When it comes to the never-ending comparisons between the BBC/PBS version of Sherlock and its American counterpart, CBS’ Elementary, the old adage of imitation is the sincerest form of flattery rings very true. When Elementary hit the air, Sherlock had already been a staple in people’s homes around the world for two years. The imitation/coindicence game began with both storylines revolving around Sherlock Holmes finding himself in the 21st Century and Jonny Lee Miller, Benedict Cumberbatch’s buddy from the National Theatre production of Frankenstein, was cast in the title role. While Miller’s character centers around a much more out-in-the-open with his addiction battles, the series does attempt to distance itself from its BBC predecessor with John Watson becoming Dr. Joan Watson and James Moriarty suddenly surfacing as Jamie Moriarty.
The inevitable similarities took another hit this past year with CBS’ Sherlock amping up the British quotient by not only traveling back to London for the series two premiere only but also adding a bit of a British flair to the cast with Welsh actor, Rhys Ifans (Spike in Notting Hill), as Sherlock’s older brother, Mycroft, who spends his time trying to convince Sherlock to return to London and Sean Pertwee as Gareth Lestrade, Sherlock’s Metropolitan Police counterpart from his pre-NYC days. For series 3, the critically acclaimed series will become a bit more British with the addition of Ophelia Lovibond (Mr. Sloane and Guardians of the Galaxy) to the cast.
While UK audiences are already well-aware of Lovibond, who brilliantly played Robin, Jeremy Sloane’s (Sloane with an ‘E’ just like the Square) post-separation love interest, played by Nick Frost, in Mr. Sloane, the series has yet to broadcast in the U.S. with several options remaining open including a possible public television airing at some point.

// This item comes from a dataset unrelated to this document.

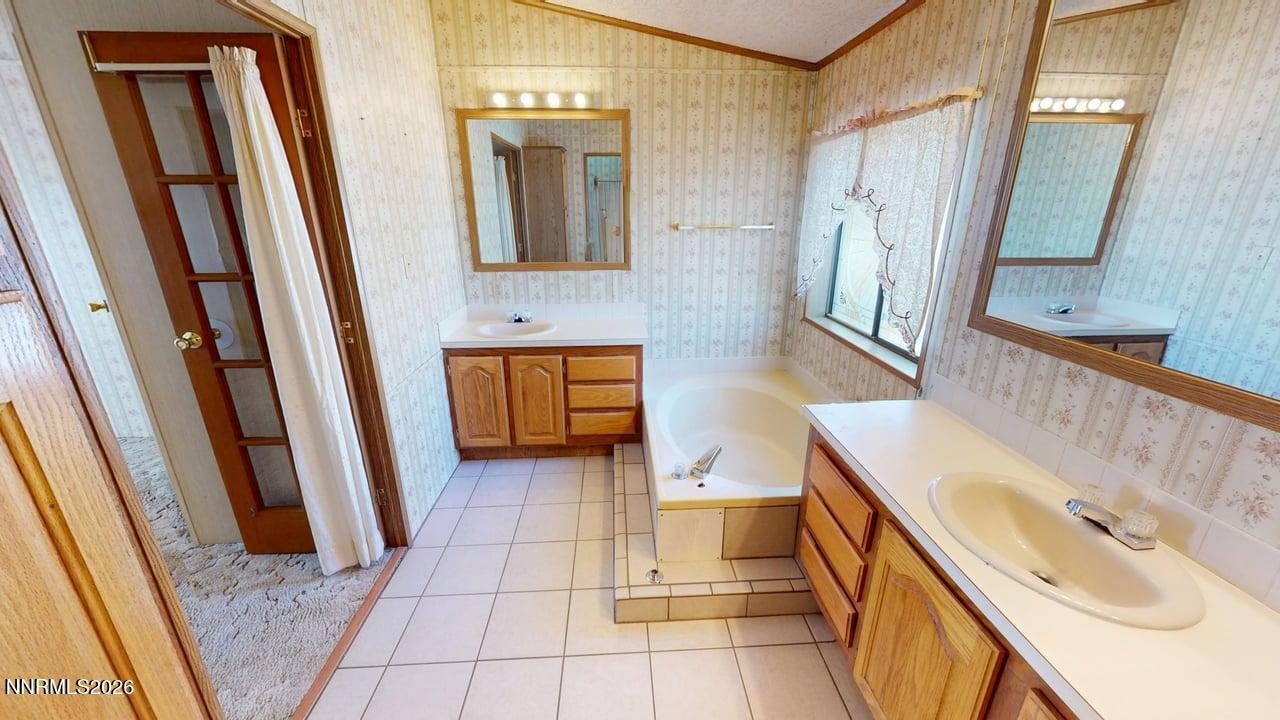 310 Bastian Road Battle Mountain, NV 89820 - Photo 28 of 32 Primary Bathroom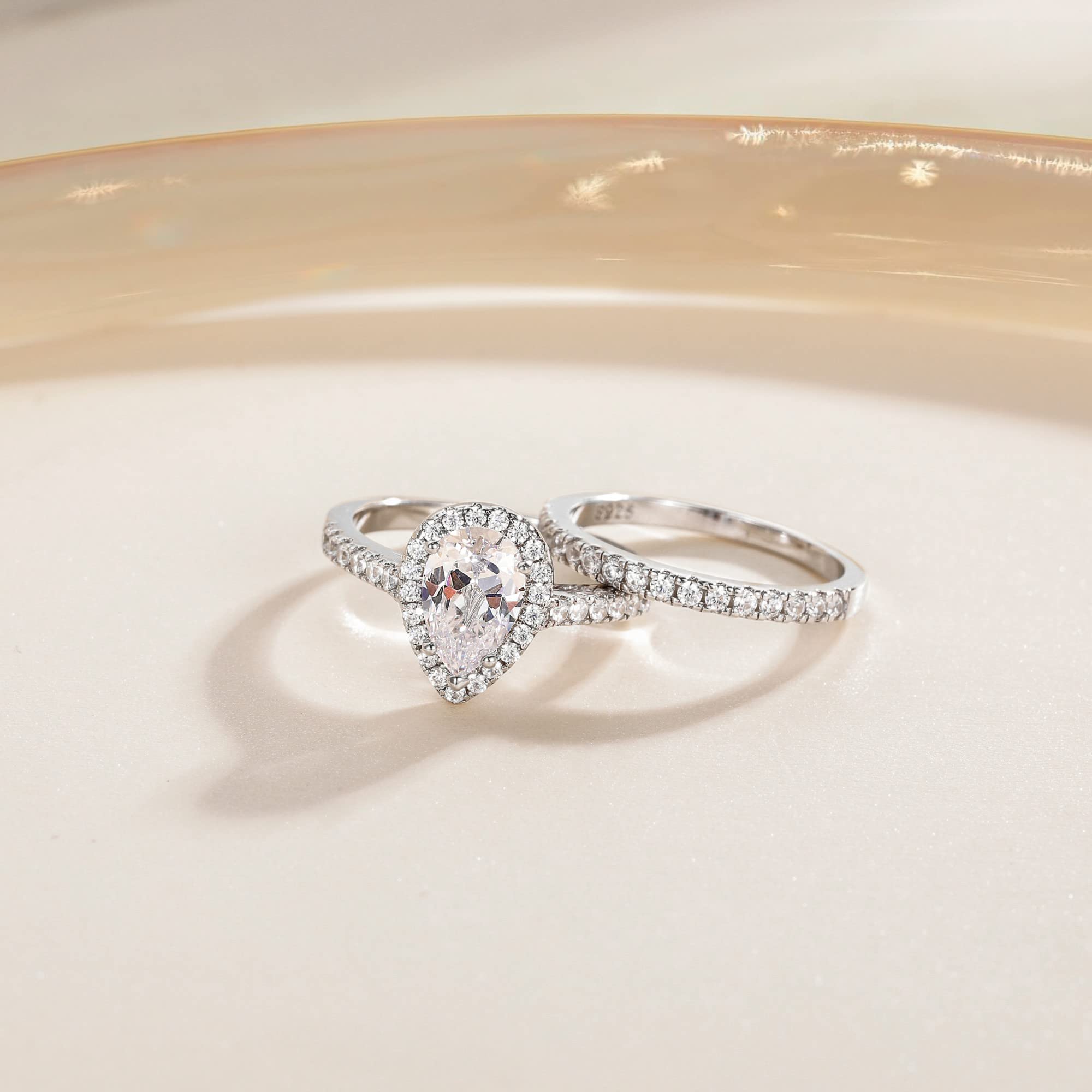 EAMTI 1.5CT 925 Sterling Silver Wedding Band Teardrop Bridal Rings Sets Halo Cubic Zirconia Solitaire Promise Engagement Rings for Women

The British actress will join the series as recurring character Kitty Winter, Sherlock’s protégé and a rival to her predecessor Joan (Lucy Liu). At this point, the two series won’t be battling on air at the same time with the third series of Elementary set for an October 30, 2014 return and the BBC/PBS Sherlock not returning to production on its next four features until January 2015. Herein lies the difference. One is a television series and one is a series of four feature films that happen to air on television. In this, there can be no comparison. You’re going to have to trust me on this one.